Brandeis’s collection of Civil War Letters consists of fifty-seven letters written by Union fighter Michael Lally. Lally was an Irish immigrant and union fighter who served in the Civil War with the Company C, 11th Regt. Mass. Volunteer Infantry. The letters were written between July 16, 1861 and June 6, 1865 to his wife, Bridgett, and their four children back home in Roxbury, Mass. Wellesley College’s collection of letters were written by soldier Luther Bruen to his wife Augusta between the mid-1850s and the earlier part of the 20th century. Brandeis and Wellesley’s inter-institutional team created an archival resource so that anybody can have access to them and can engage in historical exploration.
Cooper and Burt each gave their account on their approaches to Civil War research and the importance of primary documents.
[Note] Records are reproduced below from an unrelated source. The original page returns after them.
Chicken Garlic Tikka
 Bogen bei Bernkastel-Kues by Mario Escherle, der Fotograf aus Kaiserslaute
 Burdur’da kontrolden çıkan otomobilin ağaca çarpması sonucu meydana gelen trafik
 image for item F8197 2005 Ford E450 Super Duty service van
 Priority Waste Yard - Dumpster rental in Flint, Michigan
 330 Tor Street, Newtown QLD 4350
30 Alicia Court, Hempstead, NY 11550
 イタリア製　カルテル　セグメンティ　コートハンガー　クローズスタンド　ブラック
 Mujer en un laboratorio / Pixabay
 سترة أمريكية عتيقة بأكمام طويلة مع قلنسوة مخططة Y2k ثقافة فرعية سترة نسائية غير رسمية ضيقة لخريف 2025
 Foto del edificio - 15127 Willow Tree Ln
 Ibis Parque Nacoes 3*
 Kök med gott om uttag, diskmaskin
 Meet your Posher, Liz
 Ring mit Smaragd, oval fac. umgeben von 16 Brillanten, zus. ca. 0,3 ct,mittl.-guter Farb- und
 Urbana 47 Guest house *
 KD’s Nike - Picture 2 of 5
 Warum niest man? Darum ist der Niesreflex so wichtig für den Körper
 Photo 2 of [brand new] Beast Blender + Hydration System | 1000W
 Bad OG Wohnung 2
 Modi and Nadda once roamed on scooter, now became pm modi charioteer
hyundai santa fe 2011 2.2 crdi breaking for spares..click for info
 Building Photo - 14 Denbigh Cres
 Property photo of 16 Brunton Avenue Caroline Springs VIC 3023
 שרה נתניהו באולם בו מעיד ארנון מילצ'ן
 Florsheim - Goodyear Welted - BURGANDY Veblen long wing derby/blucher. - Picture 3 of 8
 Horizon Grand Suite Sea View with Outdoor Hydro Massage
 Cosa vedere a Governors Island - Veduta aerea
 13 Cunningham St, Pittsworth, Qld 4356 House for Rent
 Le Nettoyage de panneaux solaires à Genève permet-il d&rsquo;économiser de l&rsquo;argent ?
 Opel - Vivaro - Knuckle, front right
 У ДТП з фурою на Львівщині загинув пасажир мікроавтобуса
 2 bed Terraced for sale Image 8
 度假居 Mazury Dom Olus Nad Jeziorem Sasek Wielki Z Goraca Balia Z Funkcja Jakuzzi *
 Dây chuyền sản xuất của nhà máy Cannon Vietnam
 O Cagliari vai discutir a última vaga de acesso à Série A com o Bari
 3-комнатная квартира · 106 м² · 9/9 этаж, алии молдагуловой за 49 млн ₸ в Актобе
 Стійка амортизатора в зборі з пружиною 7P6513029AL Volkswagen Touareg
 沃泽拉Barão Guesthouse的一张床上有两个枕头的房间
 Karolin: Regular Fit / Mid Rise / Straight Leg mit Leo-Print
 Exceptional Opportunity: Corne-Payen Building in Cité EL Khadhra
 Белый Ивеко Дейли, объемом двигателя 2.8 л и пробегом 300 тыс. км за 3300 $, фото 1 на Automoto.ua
Cooper approached the stand, saluting the crowd with a “Happy Veterans Day” then quickly corrected her statement to “Veterans Day observances to you” to acknowledge that this holiday is at risk of becoming “like a sales event like Columbus Day or Presidents Day, where you don’t even remember what it’s supposed to stand for.” Cooper then states that people turn important holidays like Veterans Day into mainstream “sales events” not because they do not want to remember and honor those who serve, but because, like war, it is “an interruption to our everyday lives.” As a social historian, Cooper explained to the crowd that it was never “lost on me that it took widespread systematic destruction and war in order to (produce) an exquisite archive.”
In an interview with the Justice, Cooper discussed what it was like to study the letters and gain first-hand knowledge of an individual’s experiences during the Civil War. “I think something that’s overwhelming about the Civil War is it is so full of rich sources that sometimes you can almost drown in it. It almost feels like, ‘What could be said, that hasn’t already been said?’” Cooper questioned. She then explained that Lally’s letters provide insight, “which would be the bird’s eye view, but there’s so much texture to it that I found it to be such a useful way in.”
LETTERS OF WAR: Michael Lally wrote this letter to his wife and children on Feb. 13, 1862, in which he explained the status of the Rebel forces in the South.
During the commemoration, Burt explained the historical context behind Lally’s letters. As a member of 11th Regt, Mass. Volunteer Infantry, Lally trained at Reedville camp and Fort Warren. The regiment was involved in heavy fighting in the First Battle of Bull Run, although Lally does not mention that in his letters. Burt recognizes that Lally gave a detailed account of the battle of Williamstown, but he never mentioned to his wife, through the letters, that he was wounded in this battle. Burt claims that this was because Lally wanted to spare his wife’s anxiety, even though his relationship with her was not very strong.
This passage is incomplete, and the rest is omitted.